I would like the Minister to give us two reasons, or even one, why it is sensible to carry on with this Bill. We have heard today from the noble Baroness, Lady Ritchie, that sensible talks seem to be taking place on the fringes of the great COP meeting in Egypt and there are other signs of talking going on, so what is the point—I have used this expression before, and I make no apology for using it again—in Parliament putting government and negotiators into a straitjacket? It is just nonsensical. We all hope the negotiations will result in certain changes to the protocol, but why drive this Bill through at this very time?
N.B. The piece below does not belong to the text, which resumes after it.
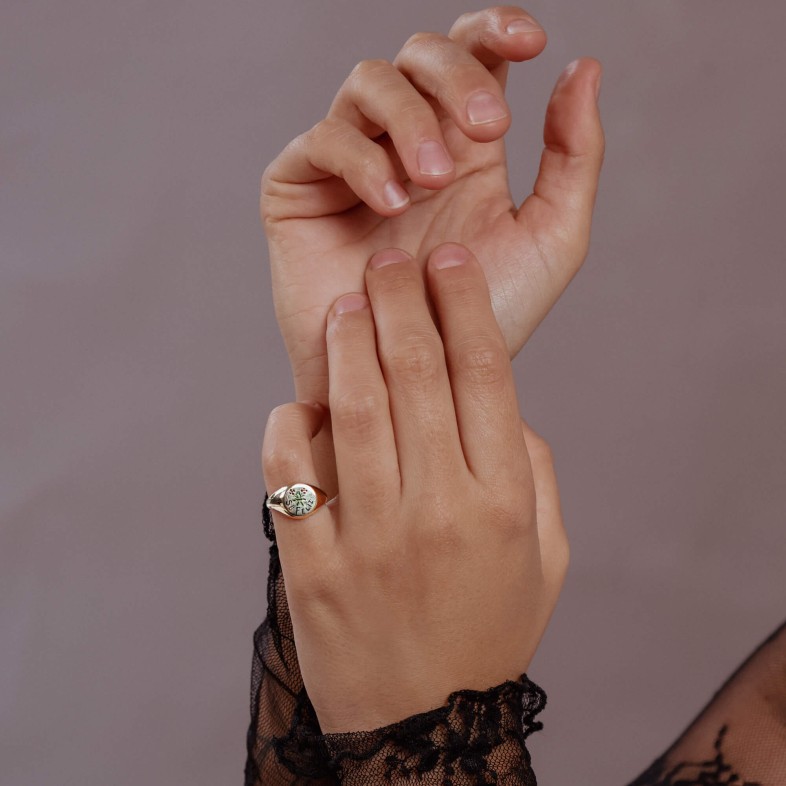 19.2K Gold "Be Happy" Ring | Lembran�a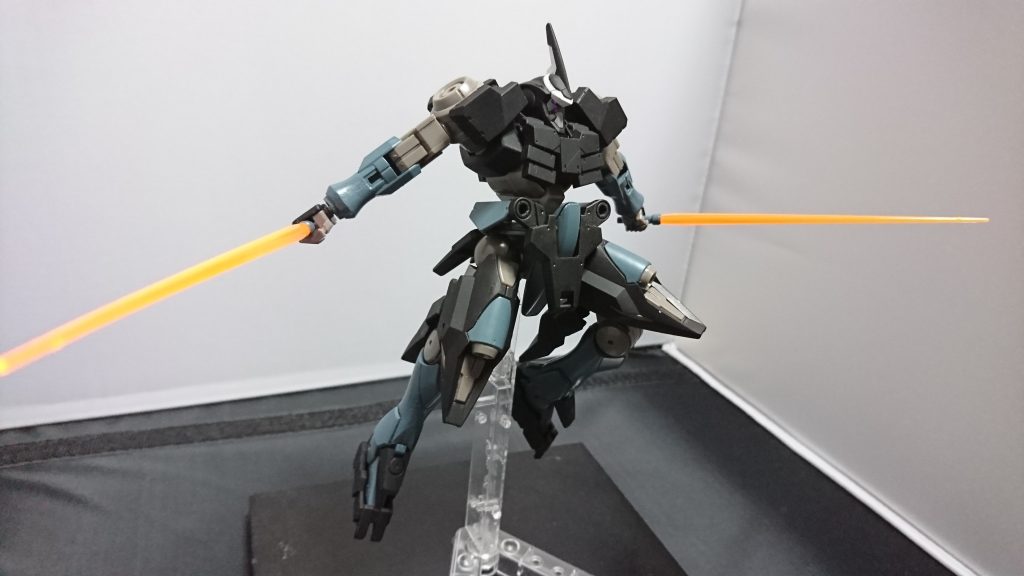 奥の手でアーマーをパージする事で高速機動状態に出来ますが、増設した粒子貯蔵タンクもパージするのでトランザムと合わせて使う最終手段です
The noble Baroness, Lady Suttie, talked about the DUP. I have always felt that it is bad to pay danegeld. That, really, is what is happening here, and it is mixed up with treaty obligations—I underline the word “obligations”—and with opportunities which many people in Northern Ireland wish to take advantage of, suitably amended.

We are on our fourth day of debate on this very bad and, in my view, wholly unnecessary Bill. Let us pause it. Let us watch the negotiations with—I hope—acclamation and welcome their results. Let us not waste parliamentary time on such a badly drafted Bill. As the noble Lord, Lord Pannick, reminded us, even the explanatory clauses do not explain it; they obfuscate and make it worse. Let us get on with some proper business and leave this rubbish in the heap where it should be.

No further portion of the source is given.